My daughter has a a huge shell collection which she adds to every year when we go to the beach for our January vacation. She loves to walk on the beach very early in the morning at about 6:00 am when the tide is so low that you can barely see the water from the shore. Strewn all over the wet sand are all kinds of wonderful sea treasures which she picks up in and saves in a little plastic bag that always accompanies her on these beach treks. I was beggining to run out of places to put the shells as the collection just keeps growing and growing. I placed some in flower pots around the base of plants, others in glass jars, and other in little wooden curio boxes. I kept the remainder stored in a tin bucket outside the kitchen door (for lack of clever ideas) where they sat getting dusty and wet from the frequent tropical rain. And then, I saw a picture of some glittery shells online somewhere which immediately triggered an idea. Yes! I would make glitter shells! I realized quickly that I’d have to buy “extra-fine” glitter on Ebay or Amazon because when I asked about it at my local crafts shops, salespeople looked at me as if I had two heads. Extra fine glitter is very powdery and much finer than regular glitter. It sticks to surfaces much better and it forms a uniform coating of sparkle due to the fact that you can’t see the individual pieces of glitter like you can with regular glitter. My mother also suggested to me that I use “diamond dust” on some of the shells. I had no idea what diamond dust was. I’d never heard of it. After a bit of investigating I discovered that diamond dust is also a type of glitter but it’s made of glass rather than metal like the regular glitter is. It’s also much grainier and looks alot like coarse salt. And one last thing about diamond dust. It can cut you. (Ask me how I know) If it’s glass….it cuts. So you have to be very careful when using it. However, the transparent sparkle of it is beautiful.

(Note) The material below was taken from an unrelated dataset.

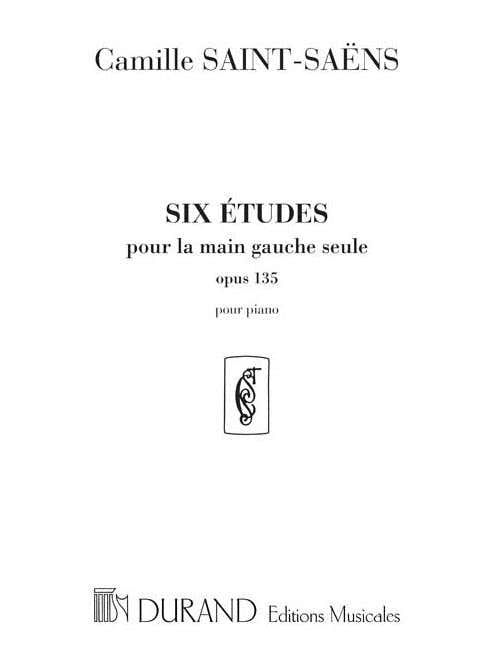 SAINT SAENS C. - SIX ETUDES POUR LA MAIN GAUCHE SEULE - OPUS OP 135 - PIANO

The materials are really very few. Extra fine glitter, or diamond dust (or both if you want to experiment with different textures) some Elmer’s glue (or any white glue) a bit of water to thin it, a paintbrush and some shells. I diluted the glue with a bit of water because I didn’t want it to go on to the shells too thick. That would make the glitter look clumpy even after they’ve dried. I just wanted the glue to have the consistency of a wash so I put a dab of it into a small bowl and added a bit of water and stirred it until it was thoroughly mixed.
Then I applied the wash to the surface of each shell with a paintbrush and sprinkled on the extra fine glitter making sure that the entire surface of the shell was coated after which I shook off the excess. I bought glitter in three colors, Aquamarine, sea green, and copper. Not that those are my favorite colors but I found them on Ebay for about 5 dollars for all three jars and that sure beats Martha Stewart’s price for her extra fine glitter. Now I wish I had bought additional colors. Once the shells were completely coated I set them aside to dry undisturbed for about an hour or so.
I coated some of the shells with glitter and others with diamond dust. The shells that are covered in diamond dust sparkle and shine and catch the light while allowing the true color of the shell to show through. Again I have to stress though, that you have to be very careful with the diamond dust because although the granules aren’t sharp for the most part, they become immobile once they’re dried onto the shells surface and they *can* prick your fingers. But the sparkle and gleam of the white shells is worth it. After my shells dried, I arranged them into several pretty dishes.